-- Work to be completed --
Copy the lines below as they are; omit the images they contain.

====================

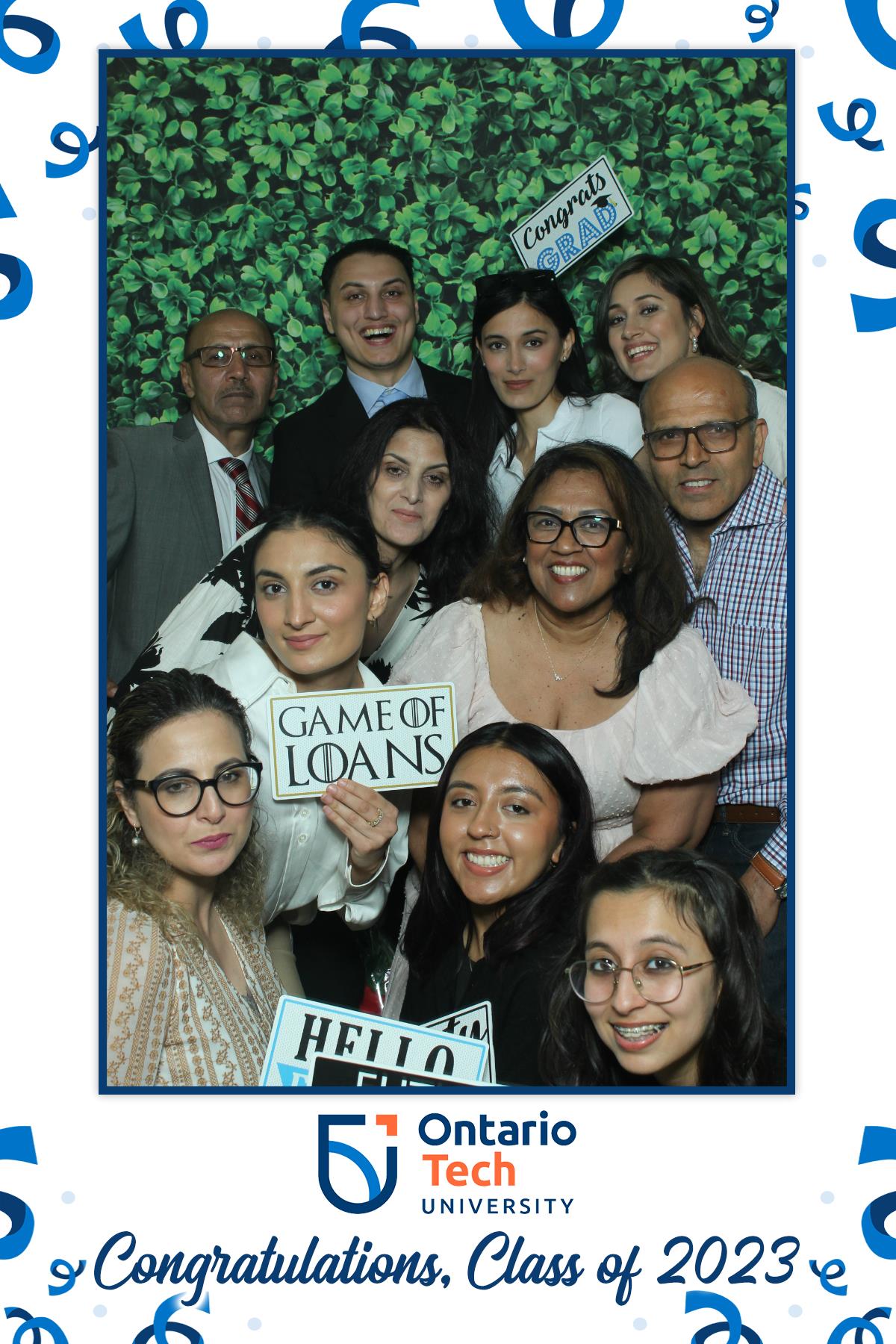 Annual Convocation | View more photos from the event at gallery.myselfiemirror.ca/u/romanmyselfiemirrorca/Annual-Convocation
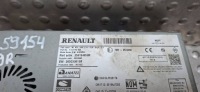 Радіо 259154859r renault arkana 2019- Доставка, фото thumb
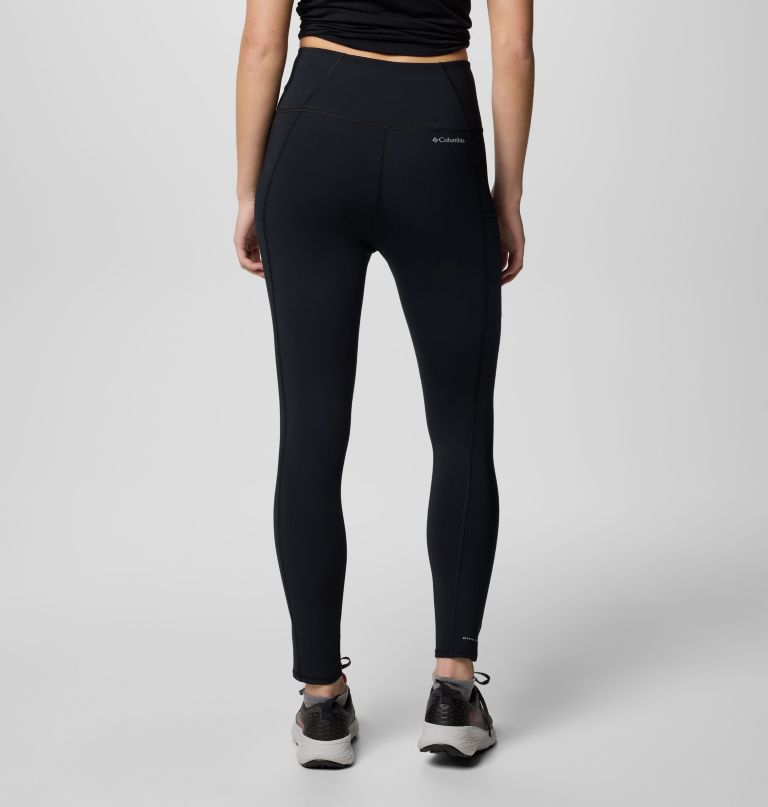 dame boundless trek leggings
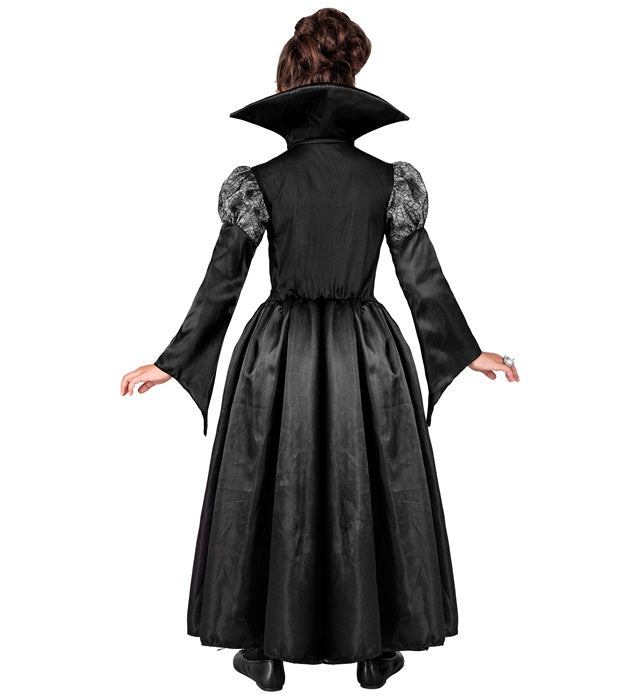 Vampiress  Dress 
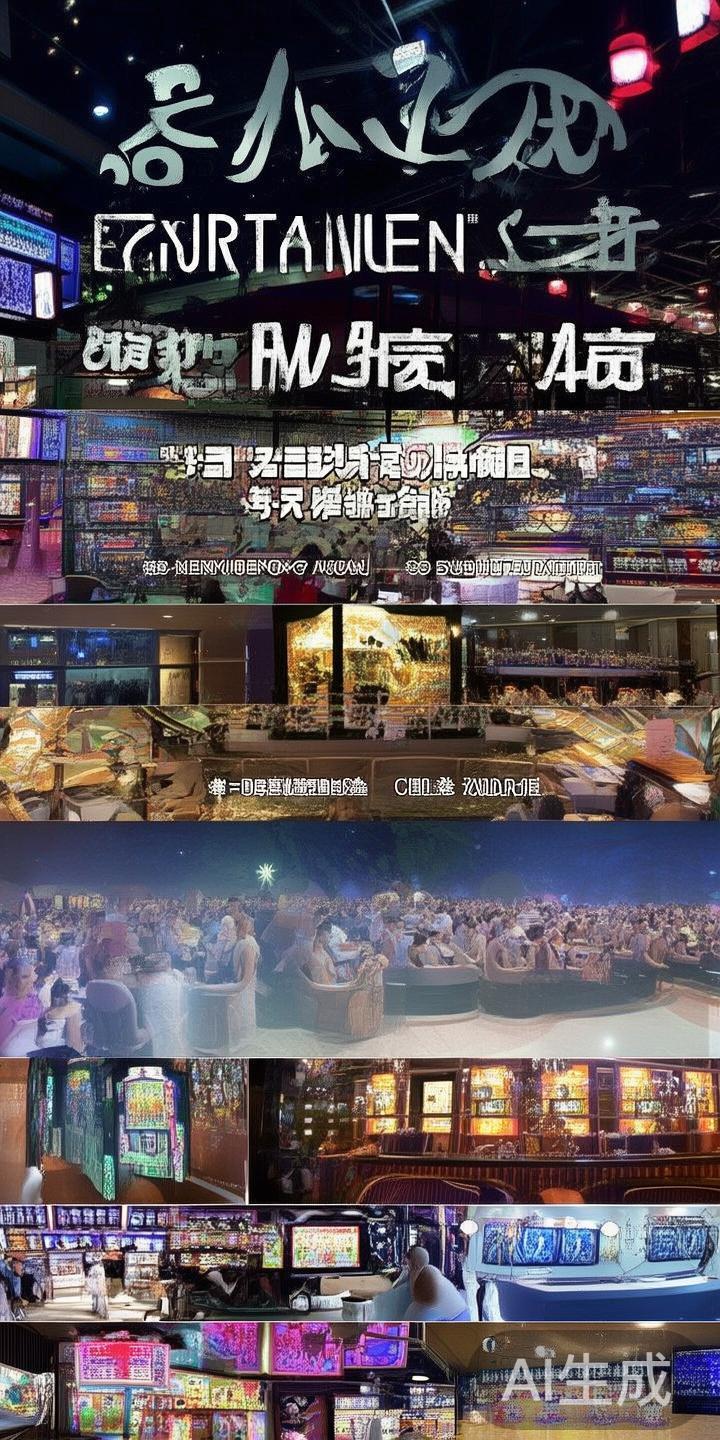 在现代娱乐休闲方式日益丰富的今天，寻找一个既能享受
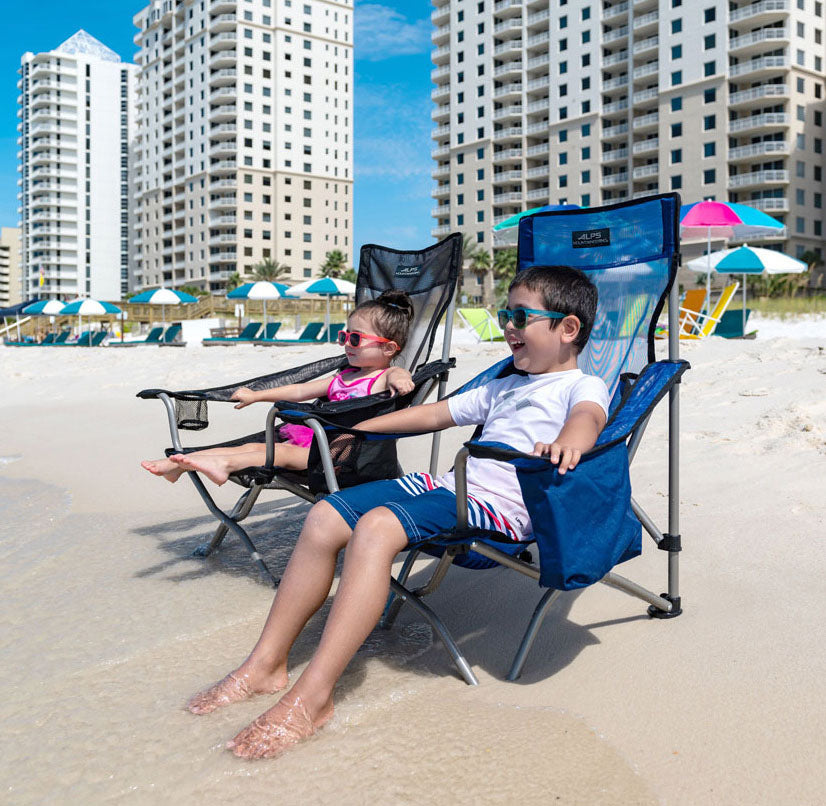 Getaway Folding Chair 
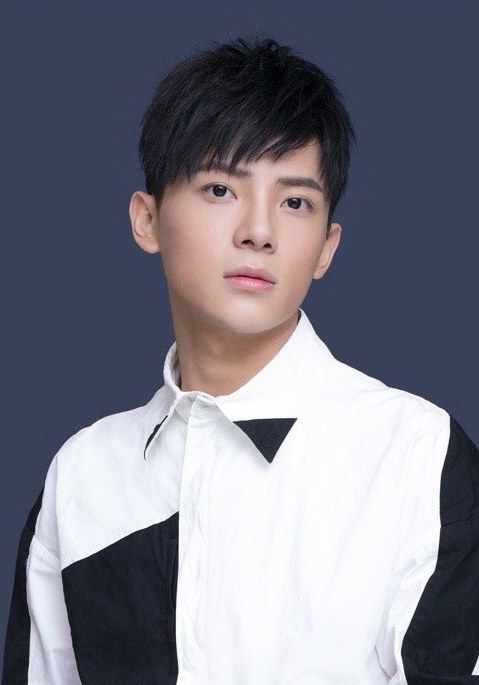 吴俊余 Junyu Wu照片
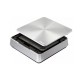 Фото Неттоп Asus VivoPC VM42-S031M (90MS00B1-M00310)
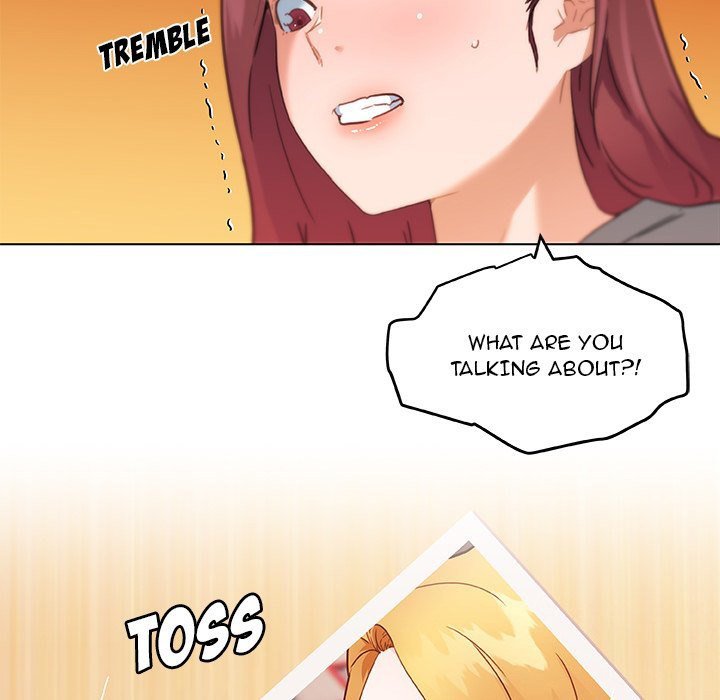 Family Adjustments Manhwa - Chapter 44 Page 5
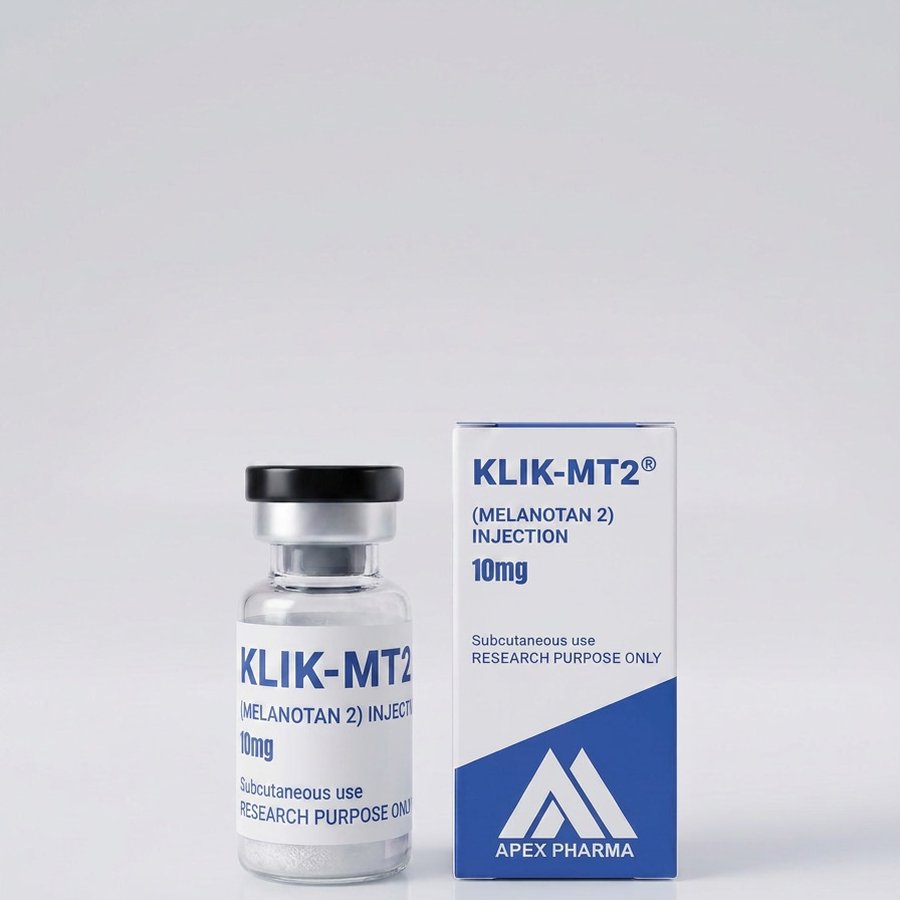 KLIK-MT2 Vial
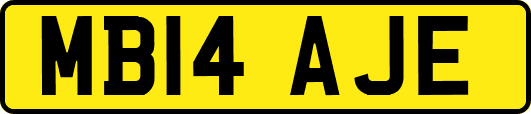 MB14AJE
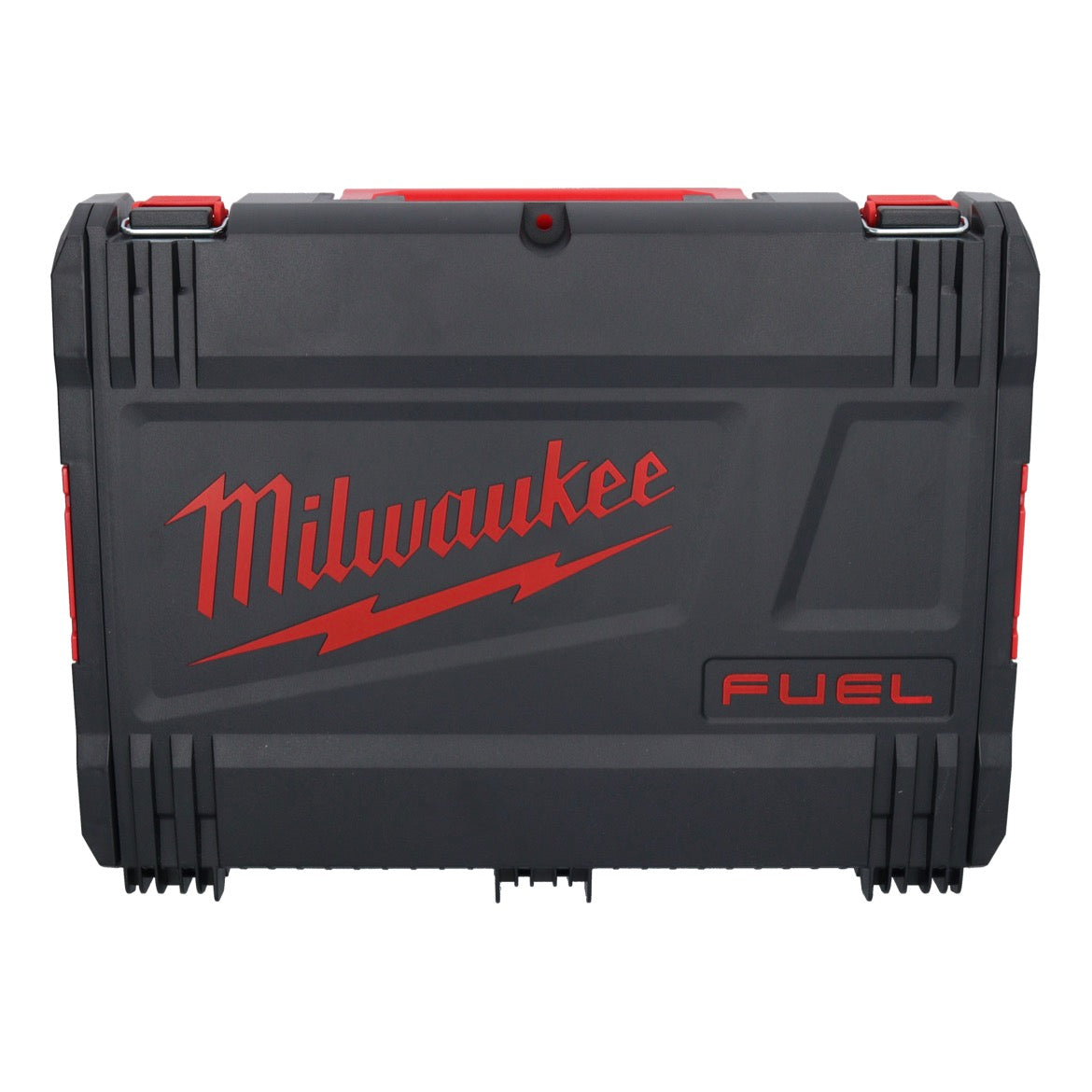 Meuleuse droite à batterie Milwaukee M18 FDGROVPDB-551X 18 V brushless + 1x batterie 5,5 Ah + chargeur + boîtier HD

====================

-- Result --
 Annual Convocation | View more photos from the event at gallery.myselfiemirror.ca/u/romanmyselfiemirrorca/Annual-Convocation
 Радіо 259154859r renault arkana 2019- Доставка, фото thumb
 dame boundless trek leggings
 Vampiress  Dress 
 在现代娱乐休闲方式日益丰富的今天，寻找一个既能享受
 Getaway Folding Chair 
 吴俊余 Junyu Wu照片
 Фото Неттоп Asus VivoPC VM42-S031M (90MS00B1-M00310)
 Family Adjustments Manhwa - Chapter 44 Page 5
 KLIK-MT2 Vial
 MB14AJE
 Meuleuse droite à batterie Milwaukee M18 FDGROVPDB-551X 18 V brushless + 1x batterie 5,5 Ah + chargeur + boîtier HD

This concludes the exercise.